▶ _Exercise_
Further down are entries; set down exactly and only the lines from the one with "Building Photo - 303 S Ola Vista" up to and including the one with "Redline bubble font chainwheel $95", dropping each picture.

▶ _Data under study_
------
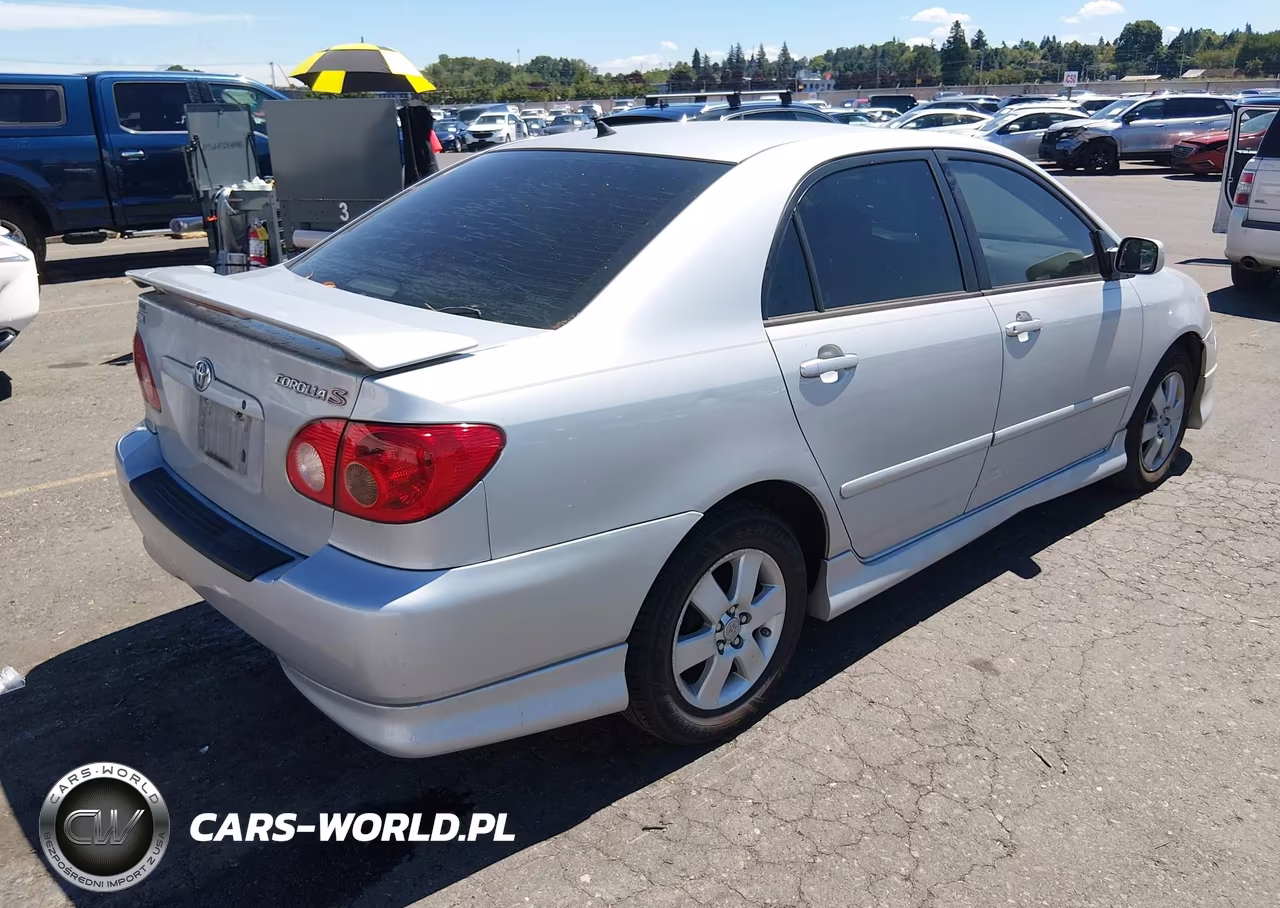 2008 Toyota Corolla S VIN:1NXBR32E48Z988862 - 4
------
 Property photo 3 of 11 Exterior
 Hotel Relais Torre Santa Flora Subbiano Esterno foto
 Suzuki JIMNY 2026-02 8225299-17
------
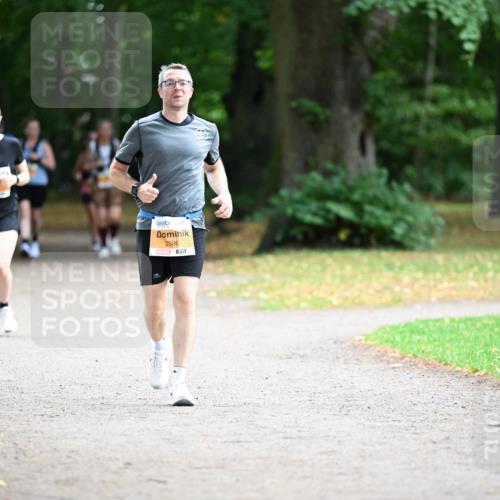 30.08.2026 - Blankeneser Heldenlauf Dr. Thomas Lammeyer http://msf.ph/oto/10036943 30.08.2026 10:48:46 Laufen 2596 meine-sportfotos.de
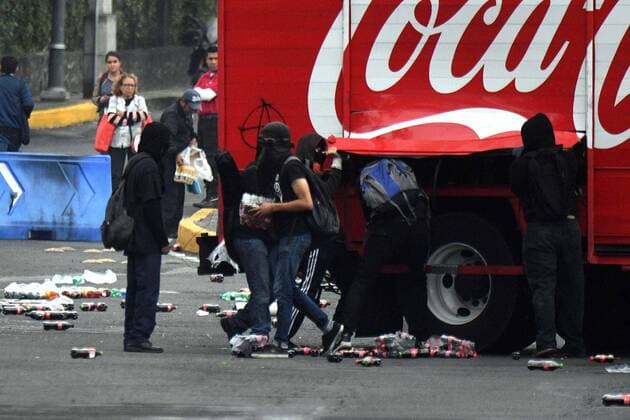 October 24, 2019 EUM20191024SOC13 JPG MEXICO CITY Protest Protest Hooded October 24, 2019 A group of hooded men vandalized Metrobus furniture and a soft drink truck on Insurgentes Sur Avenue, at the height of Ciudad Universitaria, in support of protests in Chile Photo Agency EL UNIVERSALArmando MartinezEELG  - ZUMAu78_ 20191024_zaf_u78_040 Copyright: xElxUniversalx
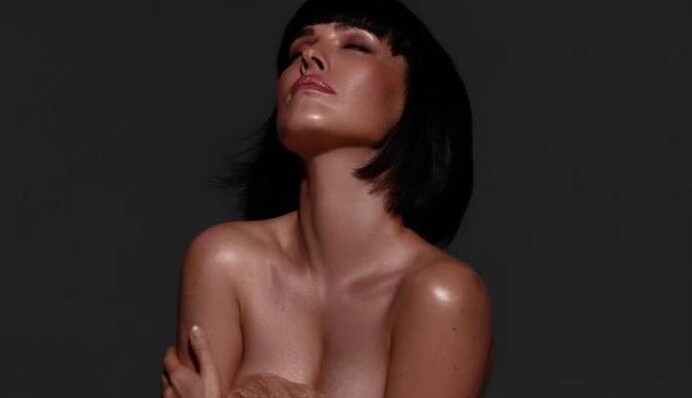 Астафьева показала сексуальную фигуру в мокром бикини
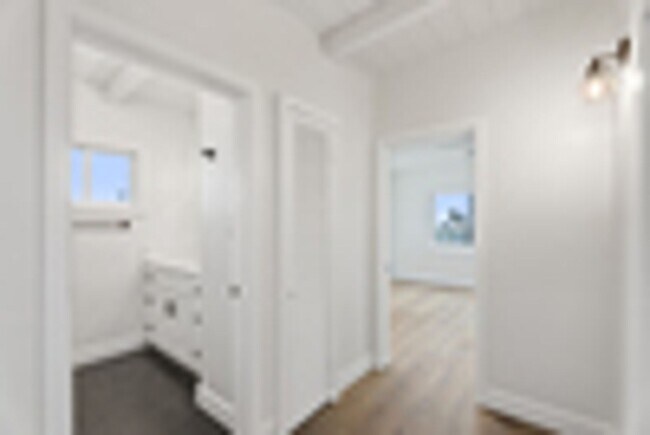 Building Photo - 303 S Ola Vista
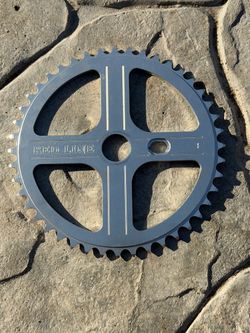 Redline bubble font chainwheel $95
------
▶ _Task output_
 Building Photo - 303 S Ola Vista
 Redline bubble font chainwheel $95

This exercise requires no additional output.